Bob Ray Sanders (born April 2, 1947) is a journalist and Civil rights leader. In 2015, he left the Fort Worth Star-Telegram, where he started his professional career, as associate editor and senior columnist.

== Early life ==
Sanders was born and grew up on the east side of Fort Worth’s downtown. He is the youngest of his parents' 11 children. He attended I.M. Terrell High School and graduated in 1965.

In 1969, Sanders graduated from the University of North Texas (then North Texas State University) and was later inducted into the Shuford Hall of Honor.

== Career ==
In 1972, Sanders became a reporter for KERA-TV. Eventually, he later served as manager of KERA Radio, vice president/station manager of KERA-TV, and host and producer of the station's award-winning program, News Addition.

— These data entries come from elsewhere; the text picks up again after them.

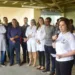 Medicamento em Casa: prefeita Socorro Neri lança programa que vai beneficiar mais de 7,7 mil pessoas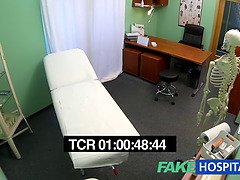 Amaterji, Doktor, Exam, Hd, Prvoosebno snemanje seksa, Resničnost, Vohun, Voajer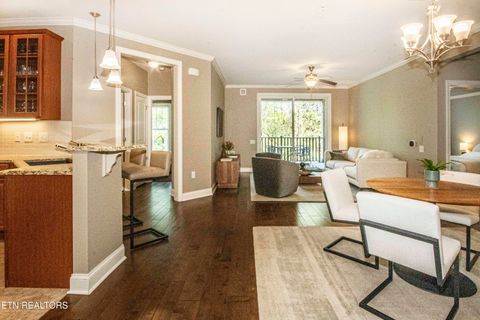 Tiny photo for 315 Centennial Bluff Blvd, Oak Ridge, TN 37830 (MLS # 1337335)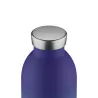 INSULATED BOTTLE 0.5 LT, CLIMA BOTTLE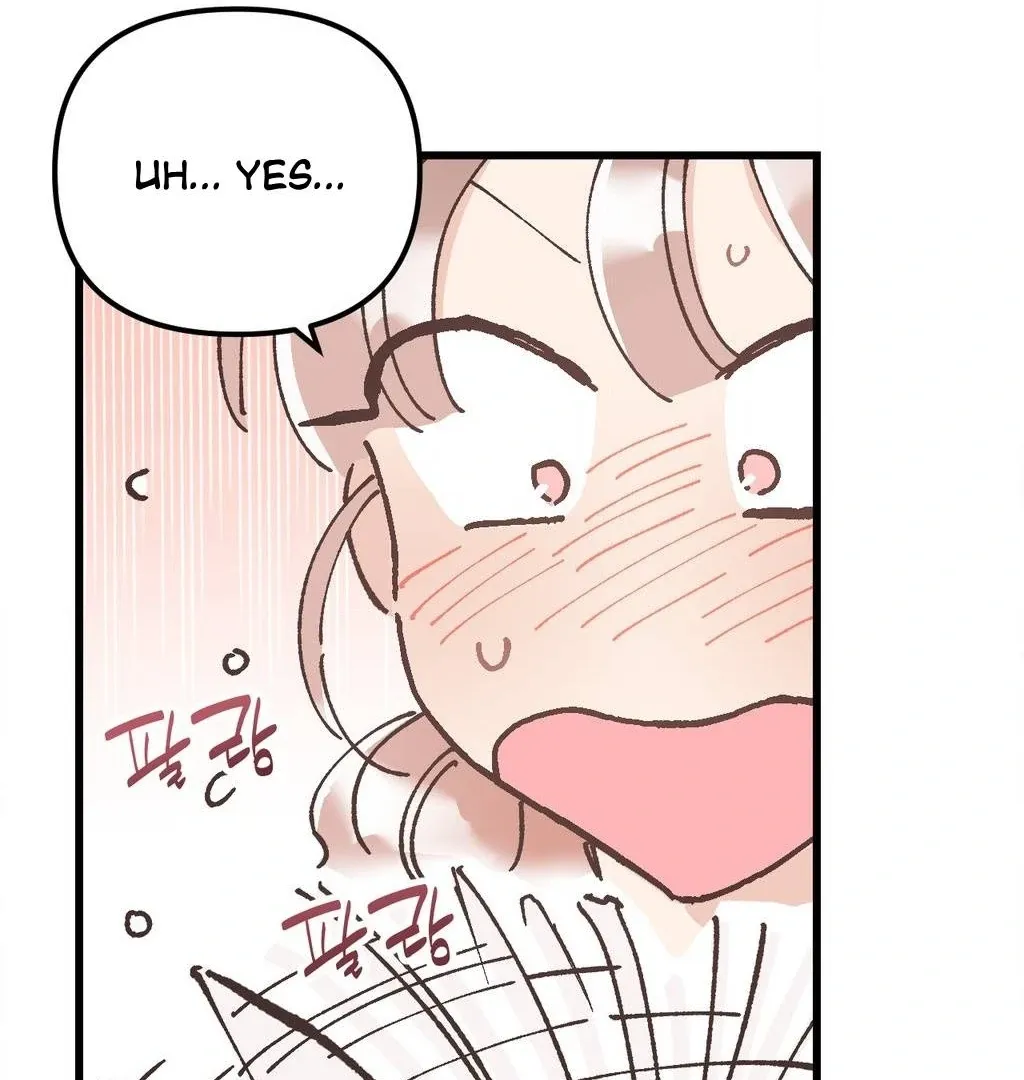 One-Night Pure Love Chapter 1 page 78 - 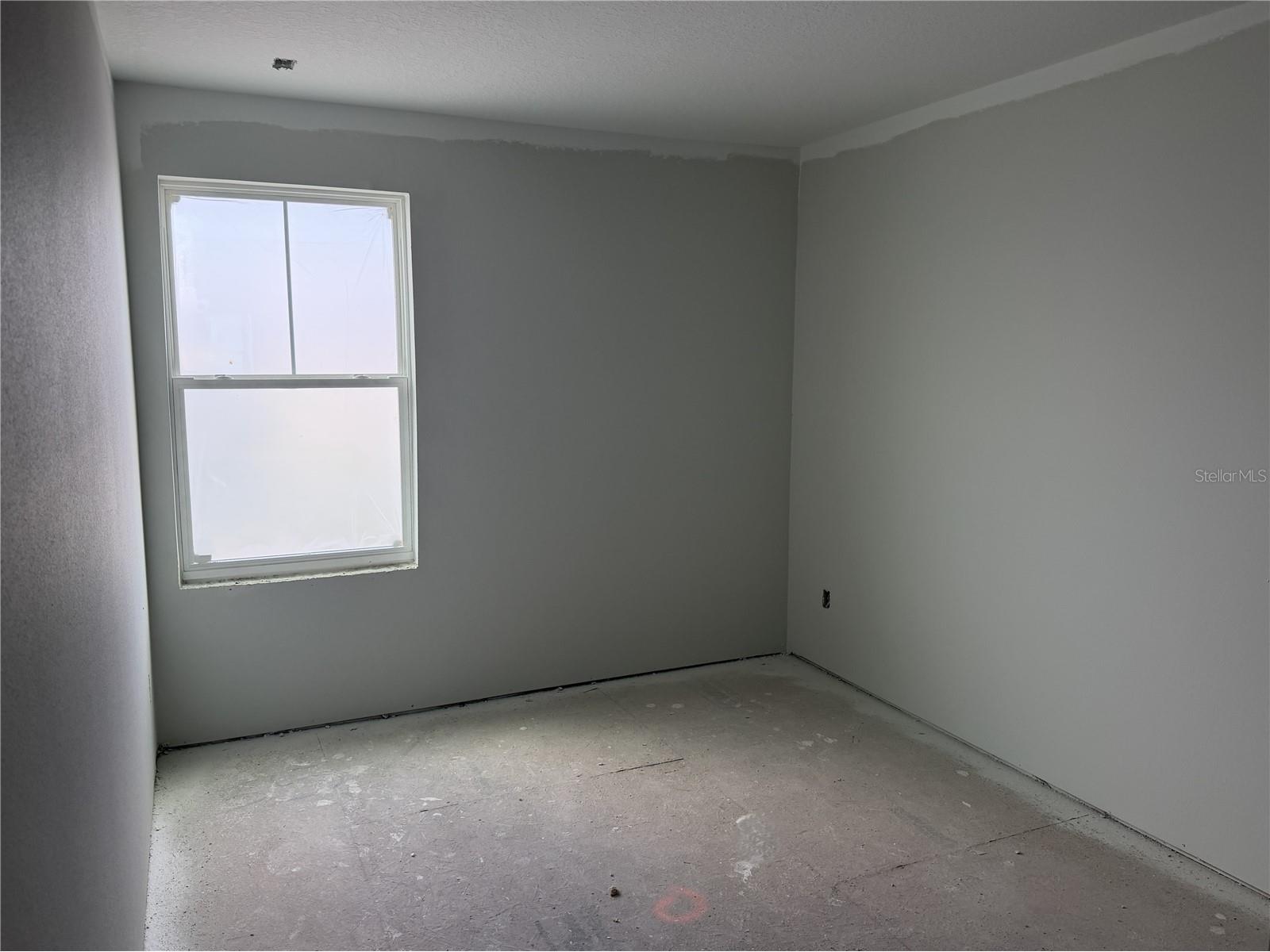 7538 Deer Valley Circle Tampa FL 33635 TB8522021 image11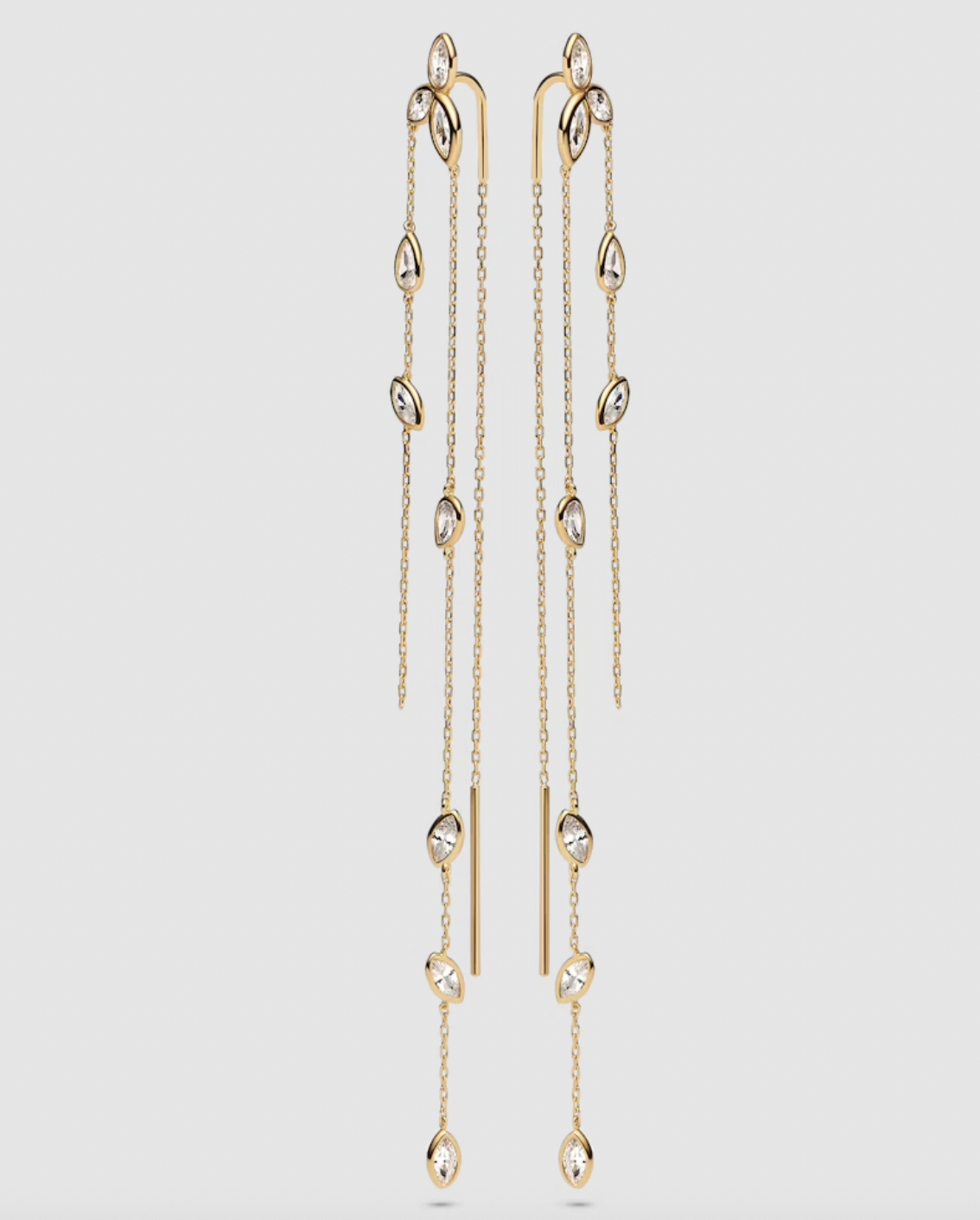 Maria Black Swift Earrings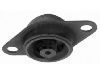 Soporte del motor Engine Mount:7571250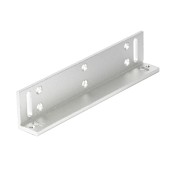 Уголок монтажный L-образный SPRUT Bracket-181L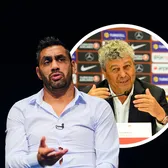 L-a refuzat pe Mircea Lucescu   Bănel Nicoliță, dezvăluiri despre   momentul care i-a marcat cariera:  „I-am închis telefonul. Răzvan mi-a zis «Te țin eu minte!»”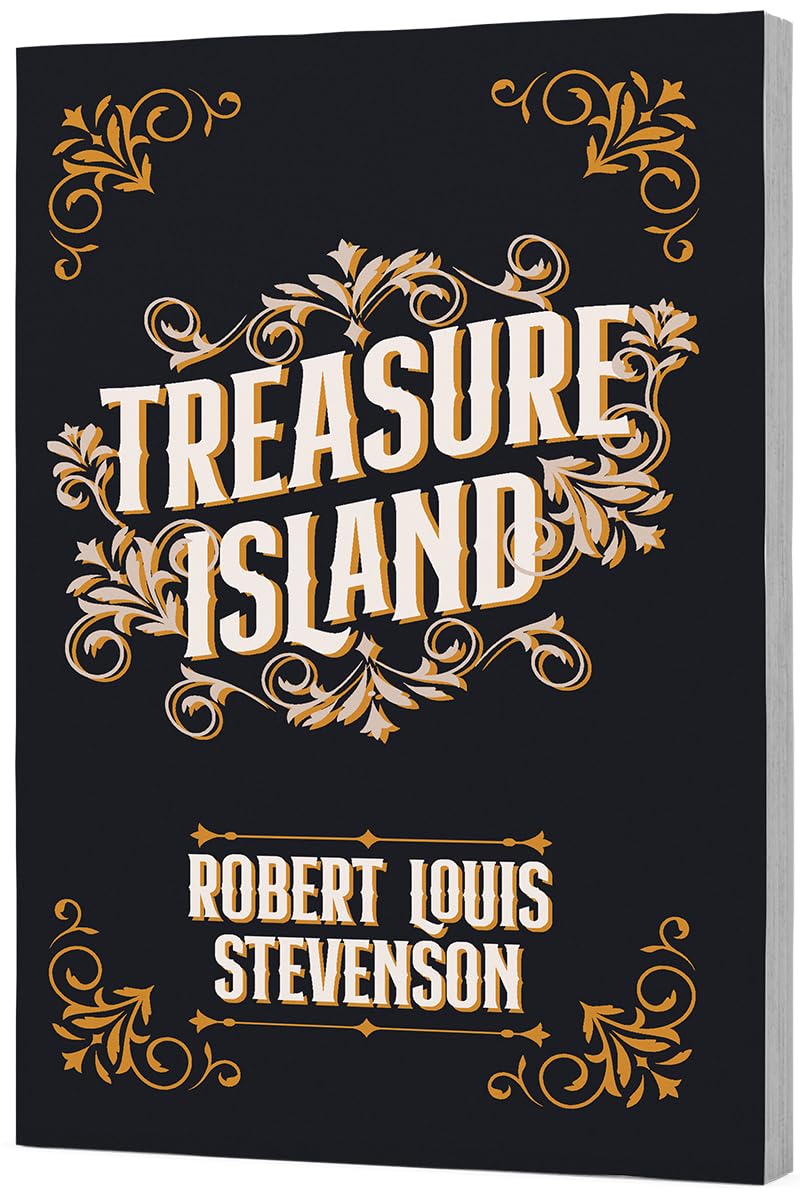 Collected Works of Robert Louis Stevenson 7 Books Collection Boxed Set(David Balfour, The Master of Ballantrae, The Black Arrow, Kidnapped, The Strange Case of Dr. Jekyll and Mr. Hyde & More)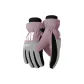 Light Gray Purple[Upgraded Thickened]Women's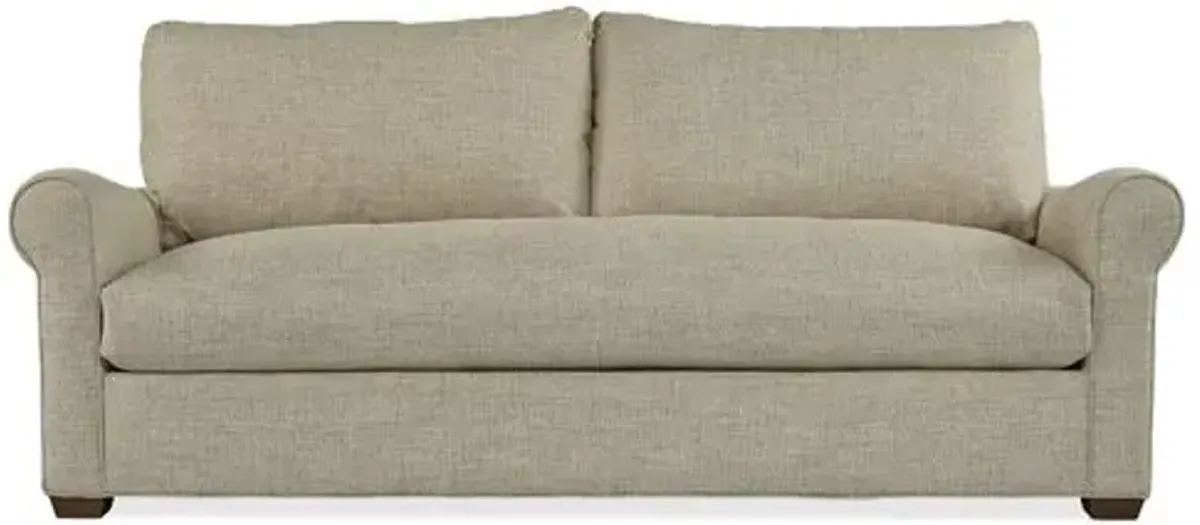 Cora Sofa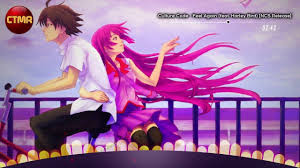 Anime Music Videos Lyrics Amv Anime Mv Culture Code Feel Again Anime Music Videos Anime Music Anime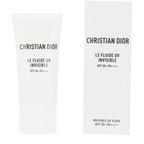 Dior Uv Solar Crema Solare Invisibile Uv Idratante Protezione Solare Idratante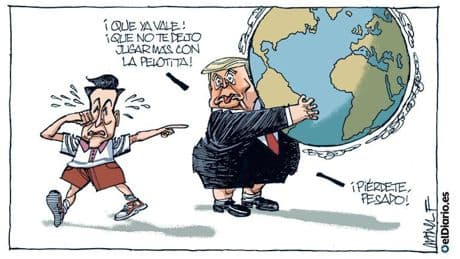 La pelota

In 1969, he was hired by the Fort Worth Star-Telegram, after he graduated from college.

Sanders was also a narrator in the Malcolm X documentary, Malcolm X: An Overwhelming Influence on the Black Power Movement.

In December 2018, Bob Ray Sanders was appointed as one of the four co-chairs of Fort Worth's Race and Culture Task Force.

== Personal life ==
Sanders is married to Dorothy Brown-Sanders and the couple has a son, Chandon.

== Honors ==
Sanders is a Fort Worth Independent School District honoree.

In 2018, he was inducted into the hall of fame for black journalists by the National Association of Black Journalists.

In 2011, he was nominated for a Pulitzer Prize.